What you are asked to do: For the data below, retype word for word the lines from the one containing "Equip 7-Port USB 2.0 Hub Black hub és switch" through the one containing "DC COMICS X"; drop the pictures.
*** Data records Section Begins ***
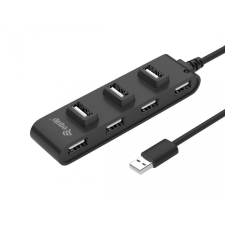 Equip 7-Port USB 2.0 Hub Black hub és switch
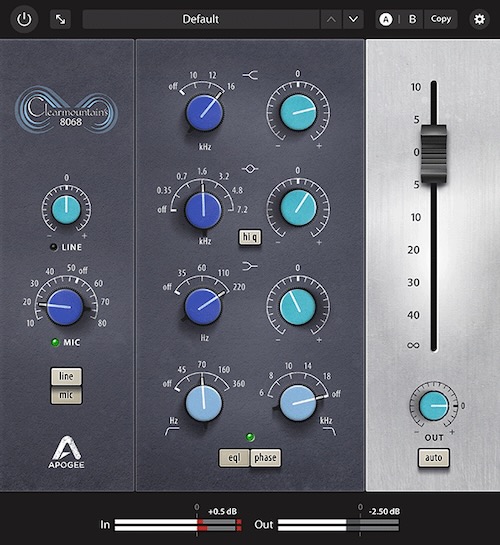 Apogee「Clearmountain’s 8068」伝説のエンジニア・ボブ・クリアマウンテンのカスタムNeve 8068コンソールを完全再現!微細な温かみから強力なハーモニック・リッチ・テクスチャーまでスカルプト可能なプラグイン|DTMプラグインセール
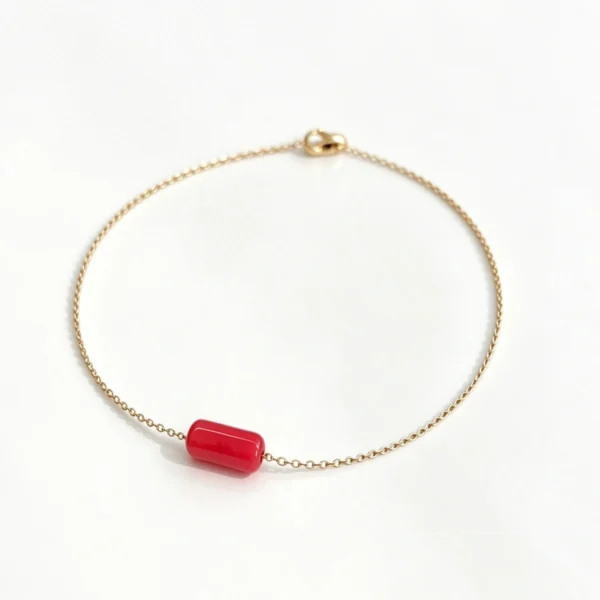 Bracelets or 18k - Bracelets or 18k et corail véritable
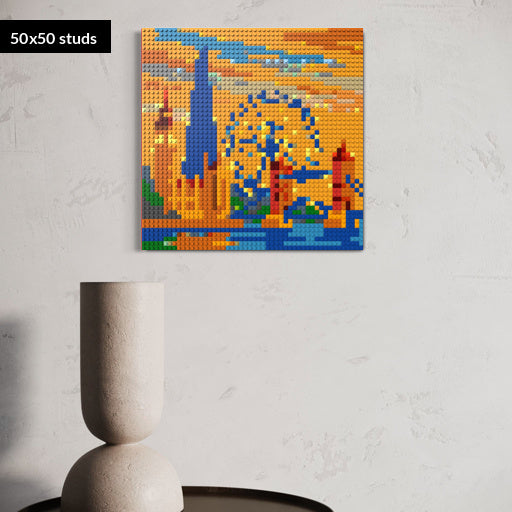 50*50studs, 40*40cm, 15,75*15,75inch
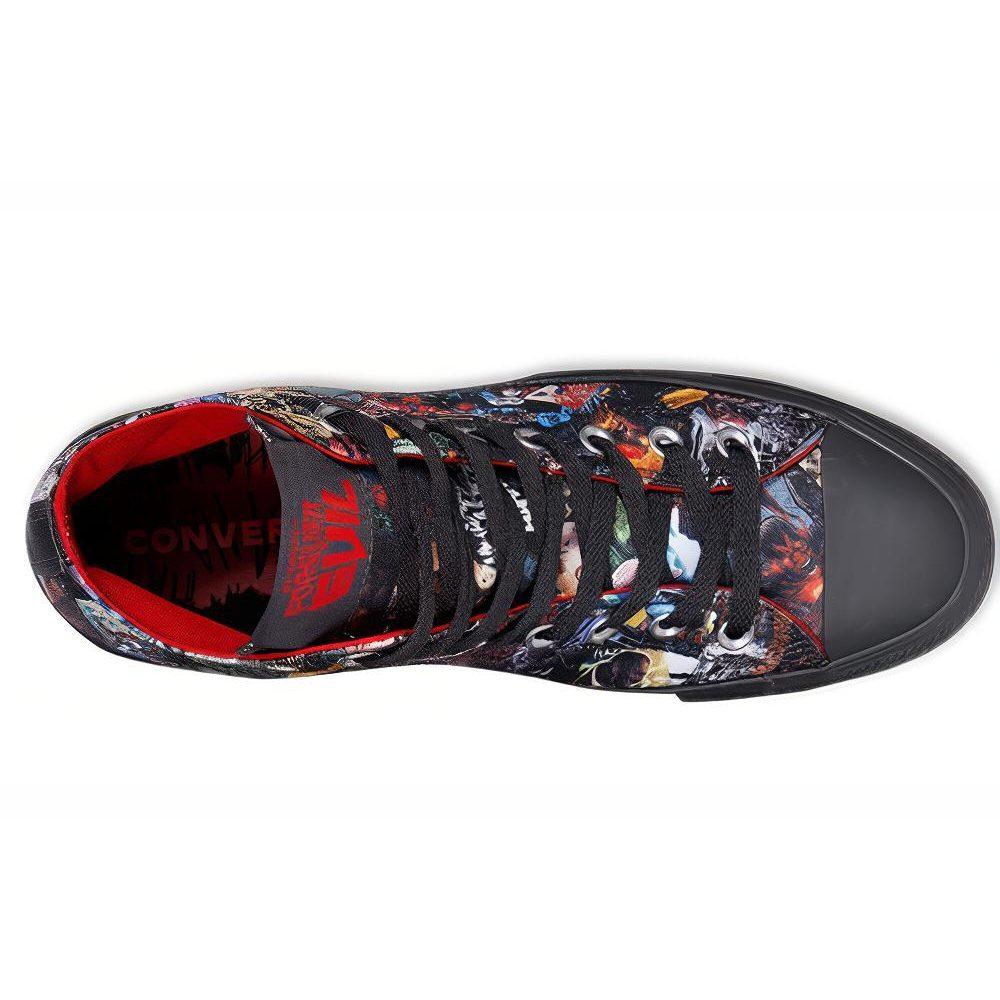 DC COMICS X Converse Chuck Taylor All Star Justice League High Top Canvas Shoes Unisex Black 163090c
*** Data records Section Ends ***
*** Data records Section Begins ***
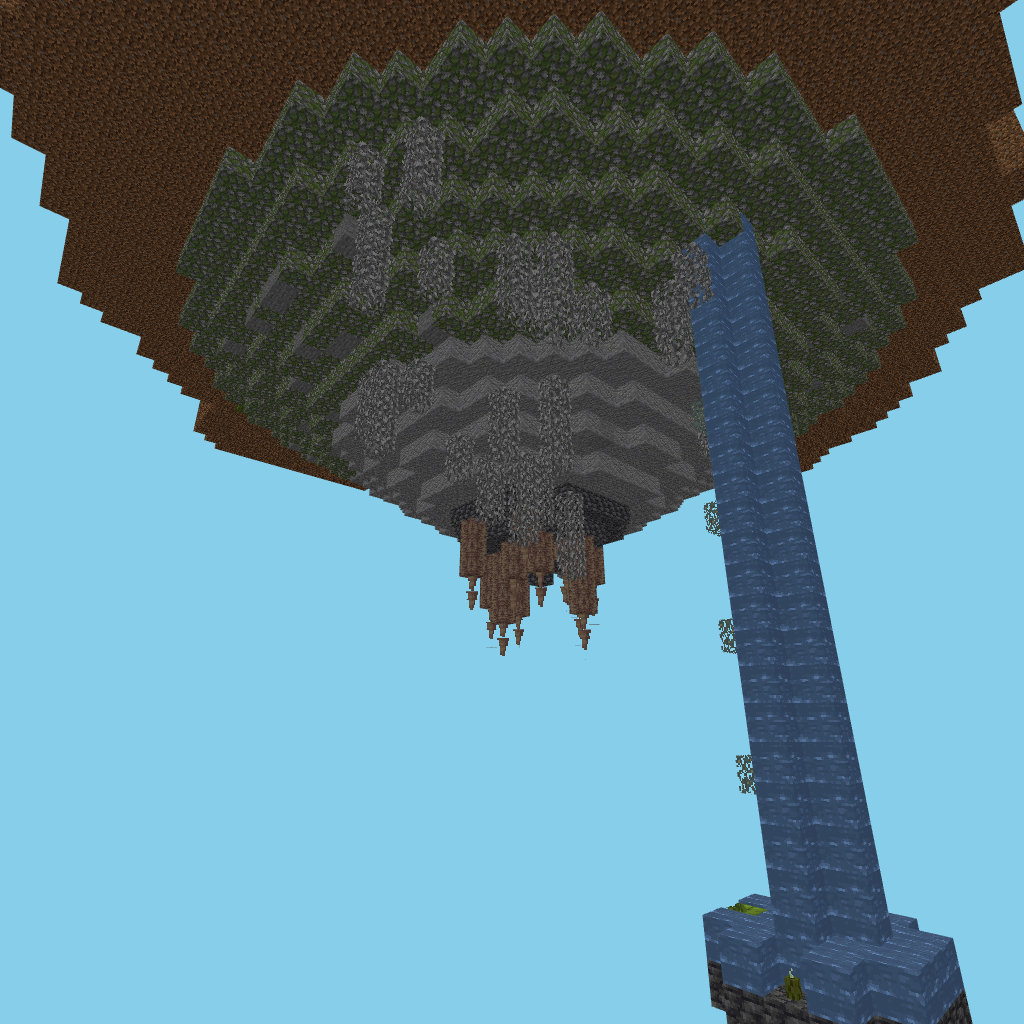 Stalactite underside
*** Data records Section Ends ***
Task solution:
 Equip 7-Port USB 2.0 Hub Black hub és switch
 Apogee「Clearmountain’s 8068」伝説のエンジニア・ボブ・クリアマウンテンのカスタムNeve 8068コンソールを完全再現!微細な温かみから強力なハーモニック・リッチ・テクスチャーまでスカルプト可能なプラグイン|DTMプラグインセール
 Bracelets or 18k - Bracelets or 18k et corail véritable
 50*50studs, 40*40cm, 15,75*15,75inch
 DC COMICS X Converse Chuck Taylor All Star Justice League High Top Canvas Shoes Unisex Black 163090c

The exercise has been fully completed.